EXERCISE AIM: Look through the lines below, find those with the word "Floral", and copy them.

TASK INPUT Start Marker

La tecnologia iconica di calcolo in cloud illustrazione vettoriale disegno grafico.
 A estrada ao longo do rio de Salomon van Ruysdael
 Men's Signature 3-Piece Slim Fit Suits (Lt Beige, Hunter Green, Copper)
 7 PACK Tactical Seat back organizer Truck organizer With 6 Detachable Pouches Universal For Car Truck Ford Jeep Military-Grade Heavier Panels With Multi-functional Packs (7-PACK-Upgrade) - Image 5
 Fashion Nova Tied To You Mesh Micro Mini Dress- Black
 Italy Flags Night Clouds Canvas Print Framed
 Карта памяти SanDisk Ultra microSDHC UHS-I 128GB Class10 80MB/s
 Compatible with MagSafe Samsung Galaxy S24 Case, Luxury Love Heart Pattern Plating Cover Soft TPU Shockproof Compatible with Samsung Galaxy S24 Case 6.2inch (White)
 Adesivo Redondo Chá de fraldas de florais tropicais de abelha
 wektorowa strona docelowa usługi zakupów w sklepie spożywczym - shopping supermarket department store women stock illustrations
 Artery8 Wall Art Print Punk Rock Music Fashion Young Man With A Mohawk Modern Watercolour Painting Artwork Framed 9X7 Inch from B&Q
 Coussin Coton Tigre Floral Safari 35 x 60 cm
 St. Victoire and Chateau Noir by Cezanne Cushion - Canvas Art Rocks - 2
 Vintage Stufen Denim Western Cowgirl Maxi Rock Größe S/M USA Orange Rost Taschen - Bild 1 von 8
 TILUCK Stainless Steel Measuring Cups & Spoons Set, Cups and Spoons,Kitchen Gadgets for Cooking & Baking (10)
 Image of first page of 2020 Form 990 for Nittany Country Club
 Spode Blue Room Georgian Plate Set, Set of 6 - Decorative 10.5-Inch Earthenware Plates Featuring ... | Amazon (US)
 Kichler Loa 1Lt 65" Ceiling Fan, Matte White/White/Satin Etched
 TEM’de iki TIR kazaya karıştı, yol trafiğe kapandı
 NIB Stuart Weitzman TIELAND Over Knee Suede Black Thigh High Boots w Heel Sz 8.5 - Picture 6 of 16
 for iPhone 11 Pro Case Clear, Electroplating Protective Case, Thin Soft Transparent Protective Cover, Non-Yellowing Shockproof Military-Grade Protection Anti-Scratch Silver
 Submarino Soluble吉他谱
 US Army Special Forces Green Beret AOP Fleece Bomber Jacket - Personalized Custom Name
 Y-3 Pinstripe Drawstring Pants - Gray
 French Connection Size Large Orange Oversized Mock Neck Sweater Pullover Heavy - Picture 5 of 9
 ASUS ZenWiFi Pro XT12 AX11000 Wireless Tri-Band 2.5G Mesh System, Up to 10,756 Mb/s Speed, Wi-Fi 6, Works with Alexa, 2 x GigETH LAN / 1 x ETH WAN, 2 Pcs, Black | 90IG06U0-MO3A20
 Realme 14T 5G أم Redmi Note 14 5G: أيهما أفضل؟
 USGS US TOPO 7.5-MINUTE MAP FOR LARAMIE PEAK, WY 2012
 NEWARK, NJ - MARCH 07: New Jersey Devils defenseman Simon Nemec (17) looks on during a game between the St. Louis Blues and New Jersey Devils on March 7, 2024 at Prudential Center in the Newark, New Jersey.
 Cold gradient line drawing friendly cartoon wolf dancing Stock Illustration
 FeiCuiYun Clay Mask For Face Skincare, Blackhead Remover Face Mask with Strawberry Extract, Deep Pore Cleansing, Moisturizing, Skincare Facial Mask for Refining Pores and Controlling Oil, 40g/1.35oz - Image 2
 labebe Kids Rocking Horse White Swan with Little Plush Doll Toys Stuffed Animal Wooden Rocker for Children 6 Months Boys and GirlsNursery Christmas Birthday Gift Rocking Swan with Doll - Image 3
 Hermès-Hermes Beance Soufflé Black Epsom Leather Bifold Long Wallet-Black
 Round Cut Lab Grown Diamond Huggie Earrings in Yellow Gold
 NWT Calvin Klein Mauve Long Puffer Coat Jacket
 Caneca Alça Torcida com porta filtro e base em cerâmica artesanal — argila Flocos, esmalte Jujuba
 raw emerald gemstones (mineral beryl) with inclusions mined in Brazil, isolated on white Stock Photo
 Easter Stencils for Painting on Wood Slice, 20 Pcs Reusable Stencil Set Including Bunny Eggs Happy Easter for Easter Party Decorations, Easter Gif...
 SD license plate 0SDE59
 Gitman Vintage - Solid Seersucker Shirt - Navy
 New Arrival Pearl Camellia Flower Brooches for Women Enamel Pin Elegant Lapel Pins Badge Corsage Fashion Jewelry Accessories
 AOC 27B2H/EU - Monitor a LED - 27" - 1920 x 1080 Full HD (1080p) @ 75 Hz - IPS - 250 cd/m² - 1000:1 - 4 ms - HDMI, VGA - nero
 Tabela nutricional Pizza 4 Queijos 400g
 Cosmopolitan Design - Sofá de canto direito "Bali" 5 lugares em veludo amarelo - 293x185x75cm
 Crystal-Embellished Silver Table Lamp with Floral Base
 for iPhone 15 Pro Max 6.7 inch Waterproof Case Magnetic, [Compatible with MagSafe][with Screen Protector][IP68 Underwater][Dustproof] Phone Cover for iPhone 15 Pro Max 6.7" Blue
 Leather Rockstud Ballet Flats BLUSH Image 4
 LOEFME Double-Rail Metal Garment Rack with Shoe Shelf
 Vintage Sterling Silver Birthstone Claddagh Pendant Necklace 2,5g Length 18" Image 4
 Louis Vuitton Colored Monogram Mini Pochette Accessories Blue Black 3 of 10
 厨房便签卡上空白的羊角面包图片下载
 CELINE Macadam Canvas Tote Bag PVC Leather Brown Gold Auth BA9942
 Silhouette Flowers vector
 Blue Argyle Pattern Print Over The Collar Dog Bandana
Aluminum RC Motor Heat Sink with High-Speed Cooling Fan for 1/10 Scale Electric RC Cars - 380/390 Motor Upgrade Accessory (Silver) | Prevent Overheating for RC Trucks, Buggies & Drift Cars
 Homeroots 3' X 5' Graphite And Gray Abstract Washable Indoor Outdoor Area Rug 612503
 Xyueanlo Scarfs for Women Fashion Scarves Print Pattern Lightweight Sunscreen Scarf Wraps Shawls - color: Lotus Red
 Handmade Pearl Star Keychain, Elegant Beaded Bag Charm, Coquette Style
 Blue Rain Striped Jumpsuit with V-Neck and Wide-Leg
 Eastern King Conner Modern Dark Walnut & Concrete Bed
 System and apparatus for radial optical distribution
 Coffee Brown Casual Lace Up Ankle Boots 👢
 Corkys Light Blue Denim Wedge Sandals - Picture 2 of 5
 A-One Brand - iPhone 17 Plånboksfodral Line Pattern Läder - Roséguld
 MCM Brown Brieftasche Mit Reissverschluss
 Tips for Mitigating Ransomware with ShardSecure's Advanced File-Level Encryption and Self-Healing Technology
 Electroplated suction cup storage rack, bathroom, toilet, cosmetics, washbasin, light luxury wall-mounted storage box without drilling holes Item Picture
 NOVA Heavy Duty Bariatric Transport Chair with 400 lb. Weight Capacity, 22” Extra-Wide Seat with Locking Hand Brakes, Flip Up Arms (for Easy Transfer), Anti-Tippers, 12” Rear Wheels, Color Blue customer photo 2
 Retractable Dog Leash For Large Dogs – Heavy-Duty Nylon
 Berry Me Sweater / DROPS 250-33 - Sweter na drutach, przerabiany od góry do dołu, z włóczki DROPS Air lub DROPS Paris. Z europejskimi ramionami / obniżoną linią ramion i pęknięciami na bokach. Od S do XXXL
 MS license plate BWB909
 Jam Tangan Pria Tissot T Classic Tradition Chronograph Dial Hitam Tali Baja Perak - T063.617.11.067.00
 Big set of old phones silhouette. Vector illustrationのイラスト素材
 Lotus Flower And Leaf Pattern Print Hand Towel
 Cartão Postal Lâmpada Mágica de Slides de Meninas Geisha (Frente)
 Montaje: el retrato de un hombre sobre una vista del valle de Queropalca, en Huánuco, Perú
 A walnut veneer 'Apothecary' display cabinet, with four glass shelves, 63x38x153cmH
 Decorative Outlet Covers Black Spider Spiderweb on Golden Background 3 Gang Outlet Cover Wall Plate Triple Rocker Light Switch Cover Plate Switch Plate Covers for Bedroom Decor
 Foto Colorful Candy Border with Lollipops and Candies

TASK INPUT End Marker

REPLY TO THE TASK:
 Coussin Coton Tigre Floral Safari 35 x 60 cm
 Crystal-Embellished Silver Table Lamp with Floral Base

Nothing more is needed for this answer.